2.2 Shuffled Hash Join
涉及到canBuildLocalHashMap()
方法、muchSmaller()
方法和一个配置项PREFER_SORTMERGEJOIN
,这个配置项的解释是:
When true, prefer sort merge join over shuffle hash join.
而canBuildLocalHashMap()
方法源码是:
/**
* Matches a plan whose single partition should be small enough to build a hash table.
*
* Note: this assume that the number of partition is fixed, requires additional work if it's
* dynamic.
*/
private def canBuildLocalHashMap(plan: LogicalPlan): Boolean = {
plan.stats(conf).sizeInBytes < conf.autoBroadcastJoinThreshold * conf.numShufflePartitions
}
该方法涉及到了两个配置项,一个是AUTO_BROADCASTJOIN_THRESHOLD
,这个配置项在广播Join中已经有使用到,是对于查询优化非常有用的配置,另外一个是SHUFFLE_PARTITIONS
,是为了join或者aggregate进行shuffle时的分区数,不配置的话,默认200。
muchSmaller()
源码:
/**
* Returns whether plan a is much smaller (3X) than plan b.
*
* The cost to build hash map is higher than sorting, we should only build hash map on a table
* that is much smaller than other one. Since we does not have the statistic for number of rows,
* use the size of bytes here as estimation.
*/
private def muchSmaller(a: LogicalPlan, b: LogicalPlan): Boolean = {
a.stats(conf).sizeInBytes * 3 <= b.stats(conf).sizeInBytes
}
也就是所谓的much就是3倍大小。
2.3 Sort Merge Join
收集到的join keys在数据类型上都是可以排序的情况下,可以用Sort Merge Join。
3. BroadcastHashJoinExec
case class BroadcastHashJoinExec(
leftKeys: Seq[Expression],
rightKeys: Seq[Expression],
joinType: JoinType,
buildSide: BuildSide,
condition: Option[Expression],
left: SparkPlan,
right: SparkPlan)
extends BinaryExecNode with HashJoin with CodegenSupport {
protected override def doExecute(): RDD[InternalRow] = {
val numOutputRows = longMetric("numOutputRows")

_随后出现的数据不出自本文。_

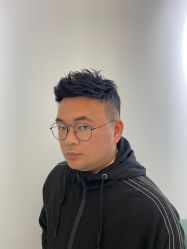 -发饰美男士增发补发假发定制店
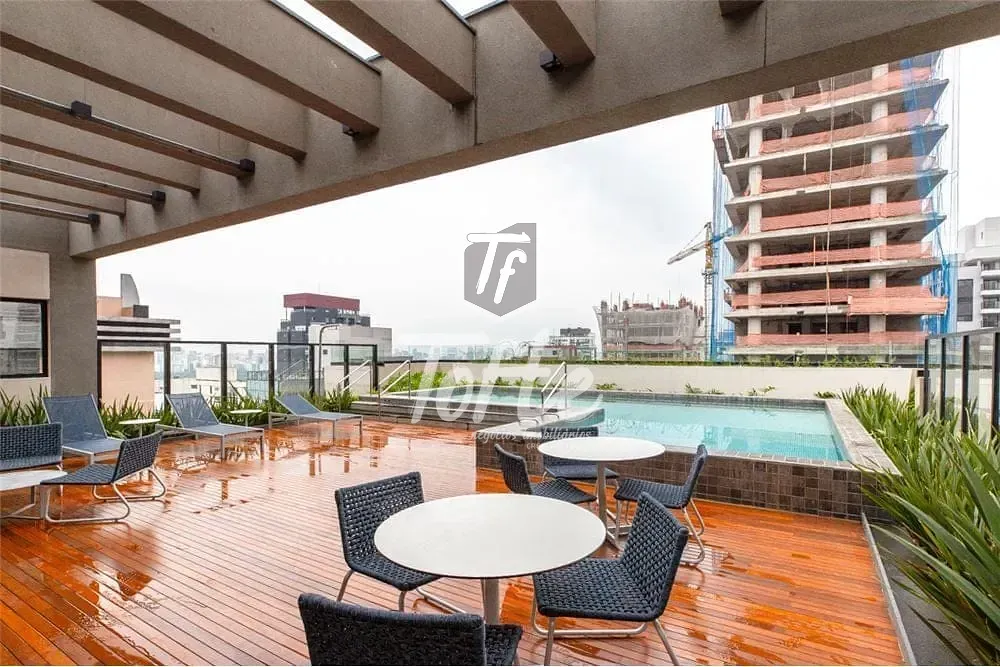Apartamento, 1 quarto, 34 m² - Foto 4
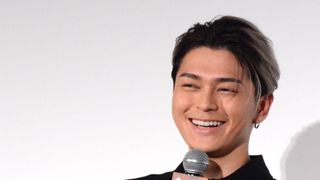 眞栄田郷敦、美文字披露で笑顔　鈴木福に憧れ「綺麗に書く方法を調べた」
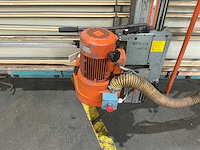 Holz-her - 1987 - 1265 - verticale platenzaag - afbeelding 8 van  11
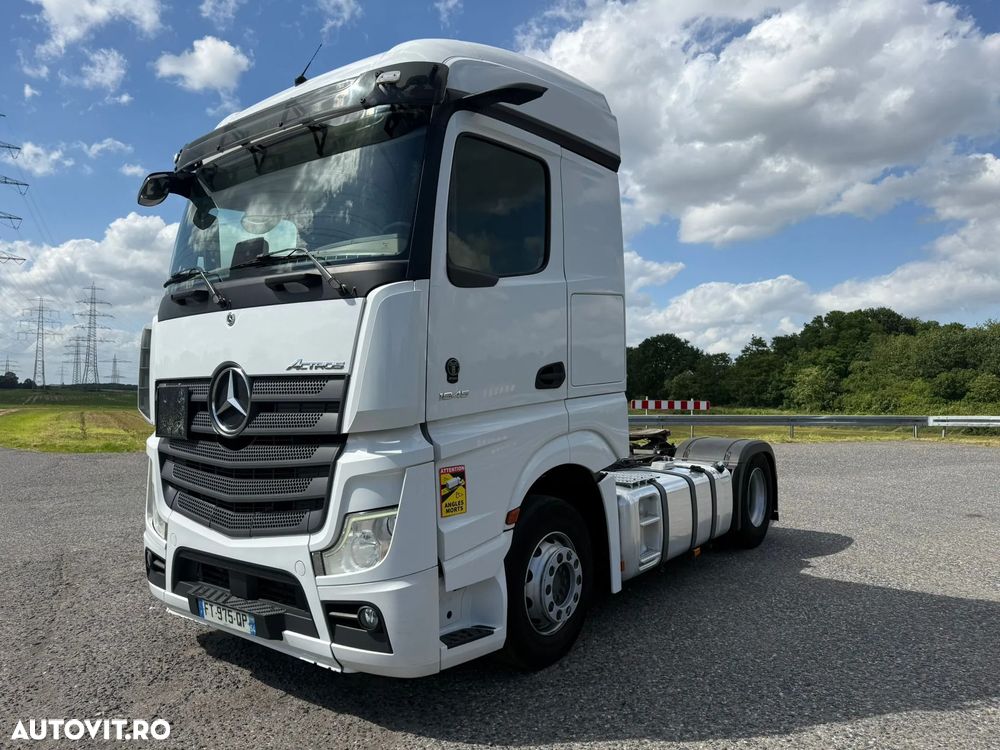 Mercedes-Benz Actros 1845, TOP!!! - 6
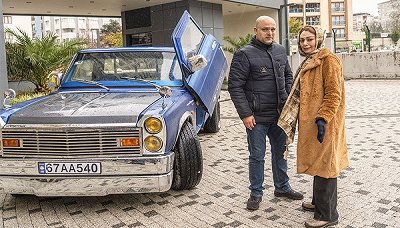 Синий Ниссан - Сезон 1, Серия 20 (Последняя серия)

val broadcastRelation = buildPlan.executeBroadcast[HashedRelation]()
streamedPlan.execute().mapPartitions { streamedIter =>
val hashed = broadcastRelation.value.asReadOnlyCopy()
TaskContext.get().taskMetrics().incPeakExecutionMemory(hashed.estimatedSize)
join(streamedIter, hashed, numOutputRows)
}
}
}
protected def join(
streamedIter: Iterator[InternalRow],
hashed: HashedRelation,
numOutputRows: SQLMetric): Iterator[InternalRow] = {
val joinedIter = joinType match {
case _: InnerLike =>
innerJoin(streamedIter, hashed)
case LeftOuter | RightOuter =>
outerJoin(streamedIter, hashed)
case LeftSemi =>
semiJoin(streamedIter, hashed)
case LeftAnti =>
antiJoin(streamedIter, hashed)
case j: ExistenceJoin =>
existenceJoin(streamedIter, hashed)
case x =>
throw new IllegalArgumentException(
s"BroadcastHashJoin should not take $x as the JoinType")
}
val resultProj = createResultProjection
joinedIter.map { r =>
numOutputRows += 1
resultProj(r)
}
}
上述两段代码,第一段是BroadcastHashJoinExec
的定义和基本方法,第二段是其继承的HashJoin
的join()
方法。在HashJoin
中,存在着一些二元对象,命名为(buildXXX, streamedXXX)
,这里没有打出来可以自行翻源码,比如(buildPlan, streamedPlan)
,那么在这里,buildXXX
是要被Hash或者要被广播的小表,streamedXXX
是大表,stream意思就是通过迭代流过去一条条处理的意思(个人理解)。
所以在这边,将buildPlan
广播出去以后,将streamedPlan
调用execute()
过后返回的RDD[InternalRow],调用mapPartitions
,根据每个分区和广播的小表进行join操作。
4. ShuffledHashJoinExec
case class ShuffledHashJoinExec(
leftKeys: Seq[Expression],
rightKeys: Seq[Expression],
joinType: JoinType,
buildSide: BuildSide,
condition: Option[Expression],
left: SparkPlan,
right: SparkPlan)
extends BinaryExecNode with HashJoin {
private def buildHashedRelation(iter: Iterator[InternalRow]): HashedRelation = {
val buildDataSize = longMetric("buildDataSize")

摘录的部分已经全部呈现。